* [ACTION ITEM]: When you reach the line with "LE GRAND HASARD" in the records below, begin transcribing exactly and continue up to and including the line with "Dream Stay - Bright", leaving out every picture.

* [MATERIAL FOR THIS EXERCISE]:
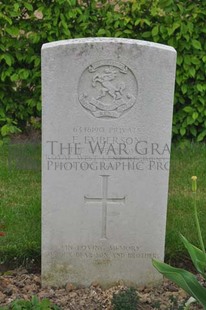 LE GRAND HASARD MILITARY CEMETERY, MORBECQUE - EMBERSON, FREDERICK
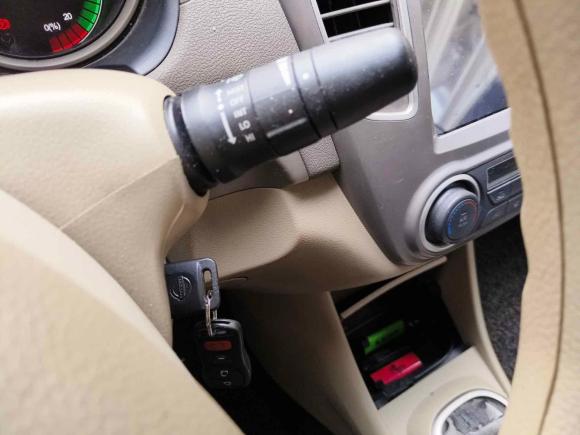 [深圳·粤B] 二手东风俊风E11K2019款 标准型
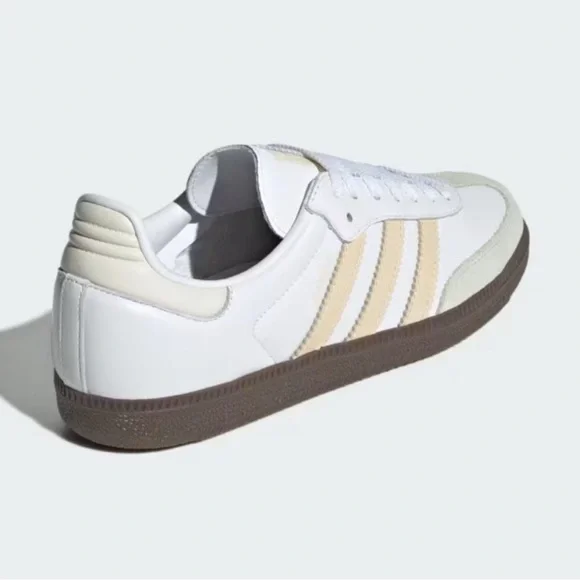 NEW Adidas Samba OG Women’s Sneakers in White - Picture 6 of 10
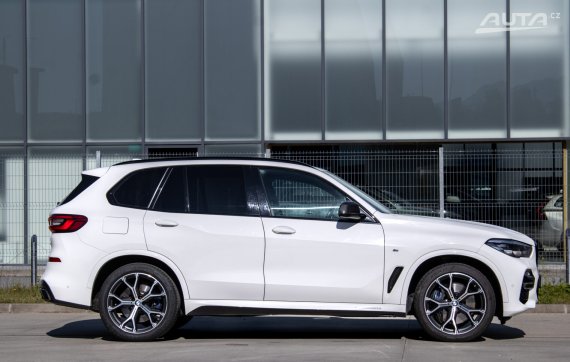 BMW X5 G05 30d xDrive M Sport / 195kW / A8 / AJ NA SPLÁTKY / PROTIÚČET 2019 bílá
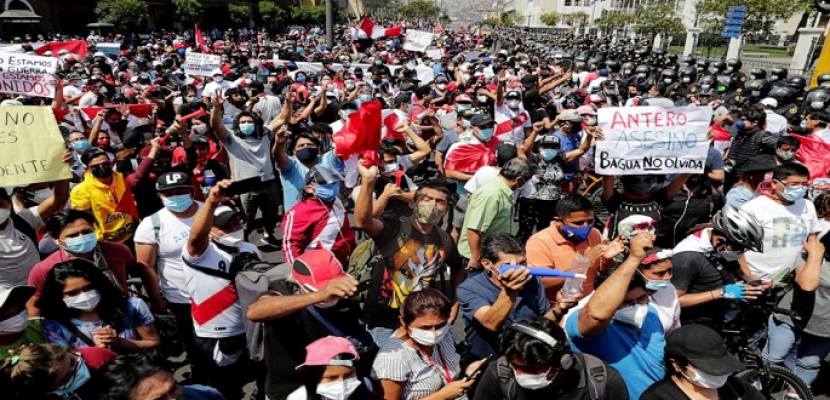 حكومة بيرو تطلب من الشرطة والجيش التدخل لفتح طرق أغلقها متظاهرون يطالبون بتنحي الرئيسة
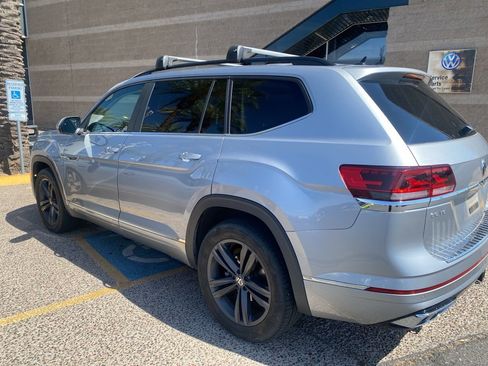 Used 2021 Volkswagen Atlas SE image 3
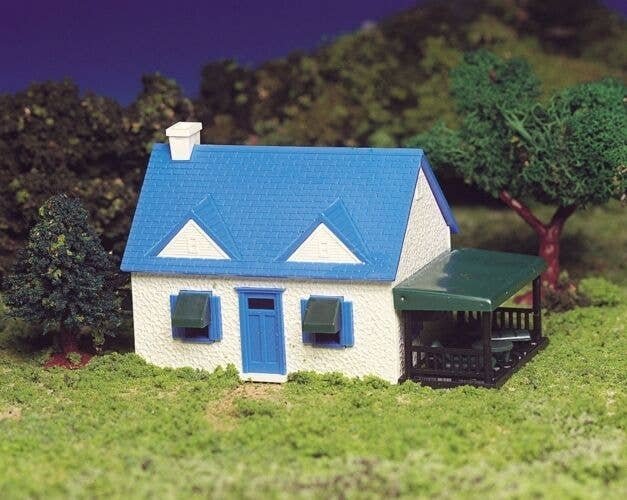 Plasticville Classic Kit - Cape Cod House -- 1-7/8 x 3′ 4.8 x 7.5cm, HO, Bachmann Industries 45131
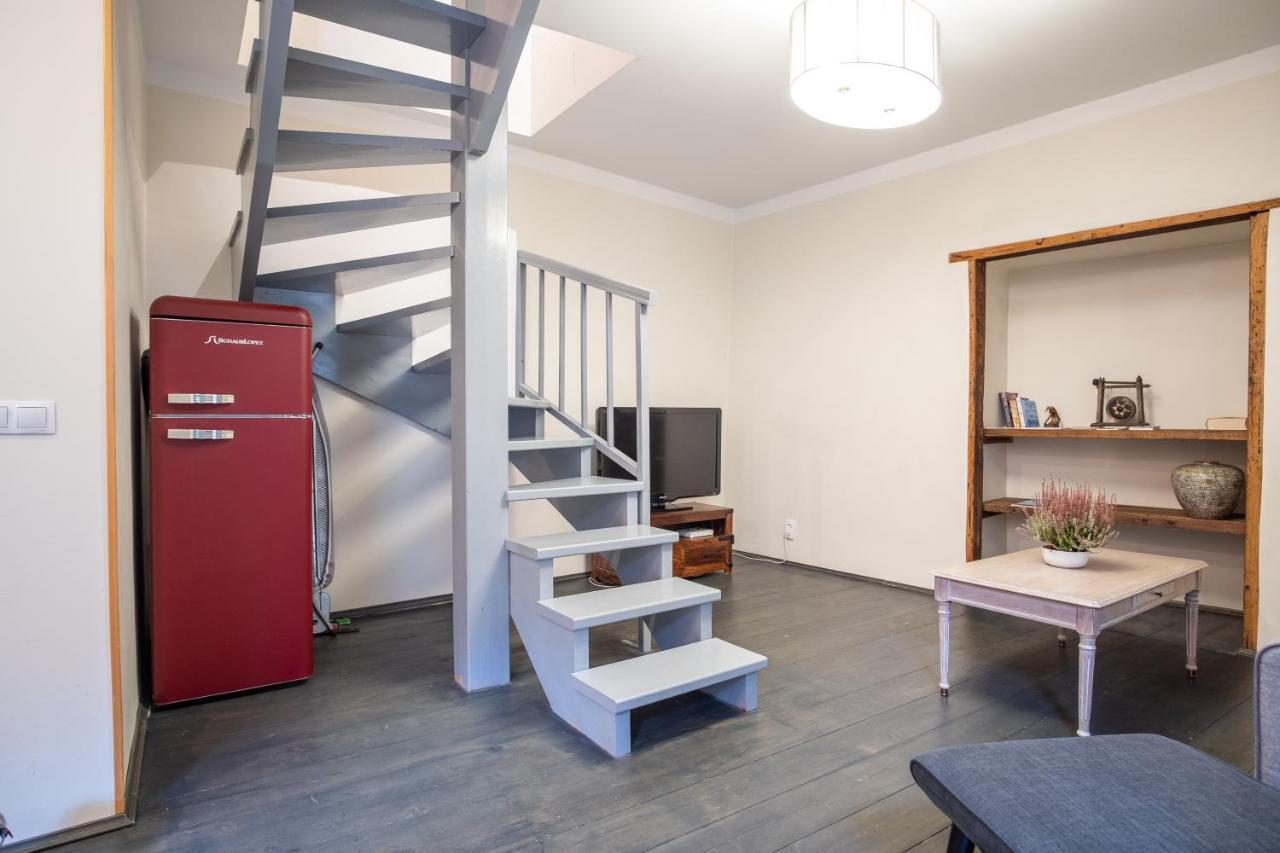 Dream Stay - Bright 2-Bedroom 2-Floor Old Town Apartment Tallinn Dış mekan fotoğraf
--
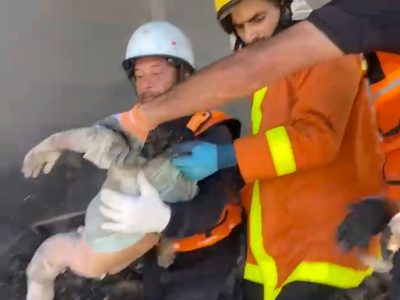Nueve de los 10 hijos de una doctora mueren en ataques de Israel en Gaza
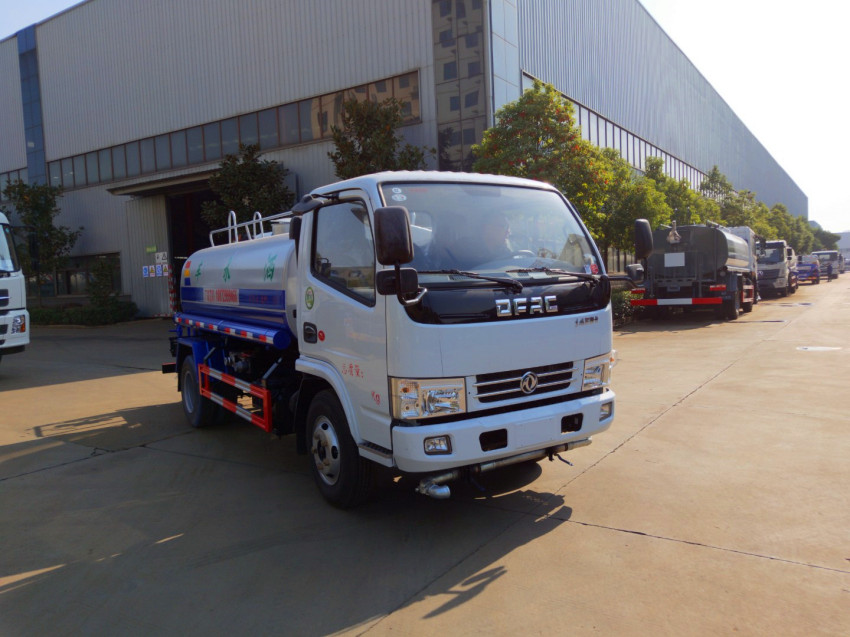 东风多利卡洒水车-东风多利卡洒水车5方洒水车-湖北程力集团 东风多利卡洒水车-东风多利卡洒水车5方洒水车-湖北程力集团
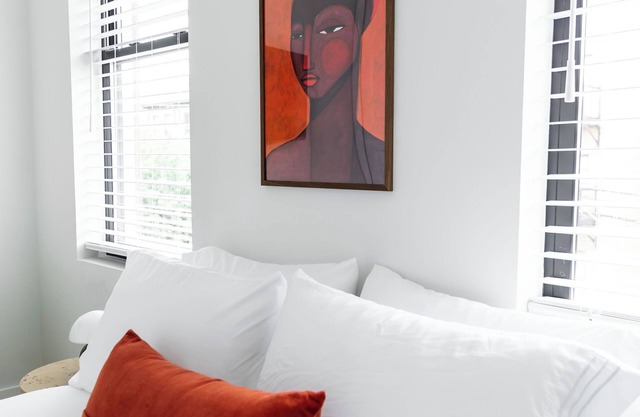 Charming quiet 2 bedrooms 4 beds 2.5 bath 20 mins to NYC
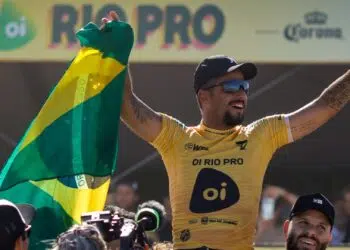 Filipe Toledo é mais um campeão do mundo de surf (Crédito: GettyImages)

* [PROBLEM SOLUTION]:
 LE GRAND HASARD MILITARY CEMETERY, MORBECQUE - EMBERSON, FREDERICK
 [深圳·粤B] 二手东风俊风E11K2019款 标准型
 NEW Adidas Samba OG Women’s Sneakers in White - Picture 6 of 10
 BMW X5 G05 30d xDrive M Sport / 195kW / A8 / AJ NA SPLÁTKY / PROTIÚČET 2019 bílá
 حكومة بيرو تطلب من الشرطة والجيش التدخل لفتح طرق أغلقها متظاهرون يطالبون بتنحي الرئيسة
 Used 2021 Volkswagen Atlas SE image 3
 Plasticville Classic Kit - Cape Cod House -- 1-7/8 x 3′ 4.8 x 7.5cm, HO, Bachmann Industries 45131
 Dream Stay - Bright 2-Bedroom 2-Floor Old Town Apartment Tallinn Dış mekan fotoğraf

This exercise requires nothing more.